The Future Forecasts report also looked at trends around kids’ use of video games, social media and voice recognition. It found that most under 12s are consuming content that’s either deemed inappropriate for them or illegal, with more than half of all 4-6 year olds using some form of social media.

 

And when it comes to the video games boys aged 10-12 boys are playing, 60% of their favourites have an age rating of at least 16+, with Call of Duty, GTA and Assassin’s Creed all having a certificate rating of 18.

 

“With Facebook recently launching a ‘safer’ space for under 13s, will 2018 be the year that both platforms and content producers both recognise the specific requirements need for this age group and develop a proposition which tweens and young teens find appealing?” Nick added. “And with increased scrutiny on social media platforms it will be interesting to see how those platforms develop their propositions especially with the impact of GDPR legislation.”

 

The report discovered that kids are switching from typing to voice control, with almost one in four 4-6s and one in three 7-9s using the voice control function to control their tablet.

 

“We think that by 2020, 50% of all internet searches will be undertaken using voice control, with much of this growth coming from kids who find it natural to talk to Apple’s Siri or Amazon’s Alexa personal assistants.”

 

“Children aren’t just shaped by their parents, they also shape their parents’ views and behaviours,” said Applied Futurist and broadcaster, Tom Cheesewright. “Understanding how children are adopting and adapting to new technologies is hugely valuable in recognising future trends early.

 

“This Future Forecasts report adds new evidence to some key trends for tomorrow’s world: the primacy of augmented reality over virtual reality, the widespread adoption of voice as one of the key interfaces between us and our machines, and the growing diversity of online culture with the major esports each creating their own social tribes.”

 

The Future Forecasts 2018-2019 report, also reveals how young people are relating more to unfiltered opinion and authenticity – not a portrayal of perfection. And, despite some controversy, the rise of YouTube influencers continues to grow unabated.

 

It also predicts that toys and products will become ever-more gender neutral and more and more young people will become far more socially conscious, as the younger generation call for more sustainability in products.

 

Kids Insights’ experts also expect to see the rise of eSports continue in 2018 and beyond – and this could lead to an increase in the popularity of Twitch (the live streaming platform owned by Amazon), which, according to the latest data, is now watched by nine per cent of 16-18-year olds and entered the top ten for the first time.

 

Nick said: “As well as Twitch, more mainstream broadcasters such as BBC Three and Sky Sports are dedicating more screen time to cover eSports and properties, such as Formula 1, are investing heavily in their official eSports offering.

 

“We think eSports could be a £1bn global industry by 2020, with an audience of 600 million – many of these teens.
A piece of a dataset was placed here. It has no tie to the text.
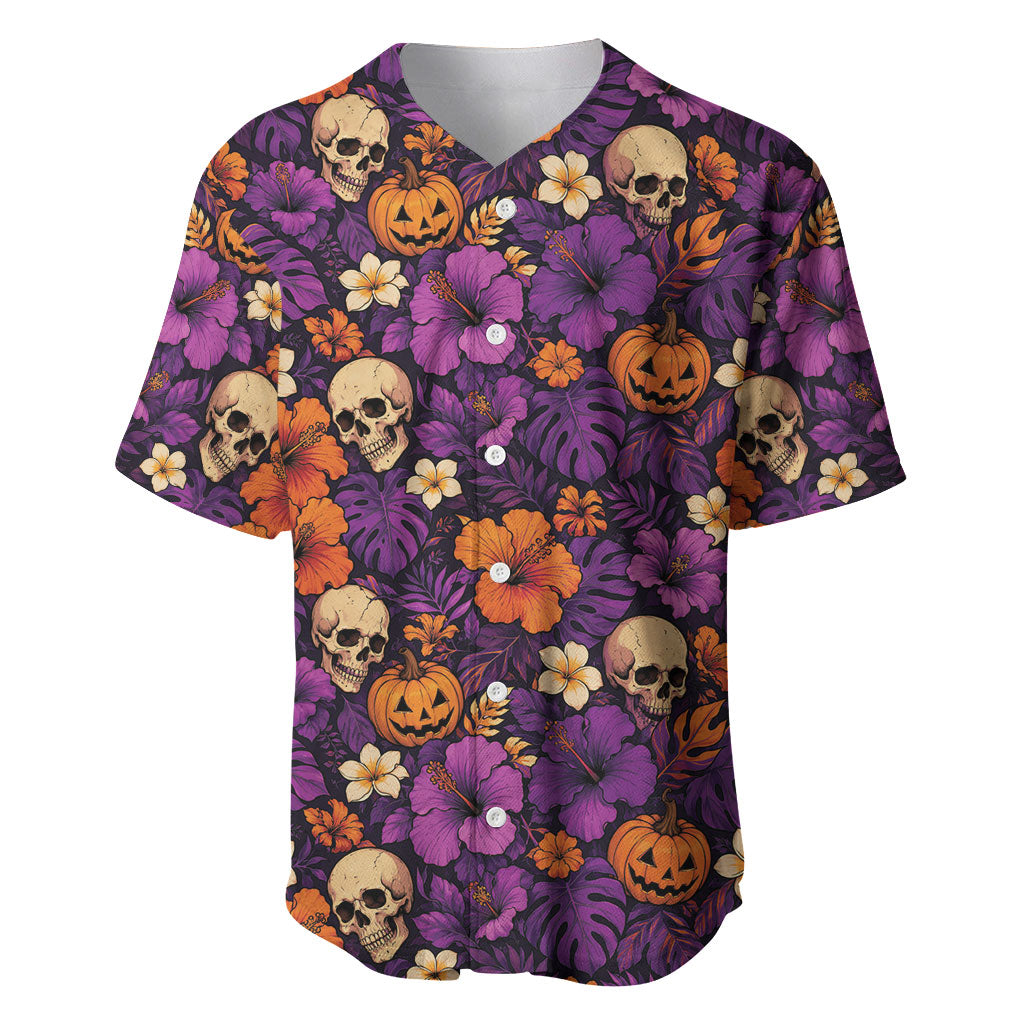 Hawaii Halloween Baseball Jersey Skeleton Pumpkin Hawaiian Flower Tribal DT05 Purple - Polynesian Pride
As eSports become more main stream and integrated into traditional sports, the opportunities for properties, broadcasters and the licensing industry will become even more exciting.”

 

And the trend for innovation is likely to extend to books in 2018.

 

Nick said: “With the trend for co-creation continuing, where children no longer just wish to just consume, but instead to code and craft their own content – can books seek to innovate and tap into this trend?

 

“Using Augmented Reality technology with books could be one way to allow for wider experience with printed text. Utilising technology such as AR could help printed books reach an audience who are increasingly using screens and devices over books. We expect this to have an impact in engaging and enhancing creativity skills in children.”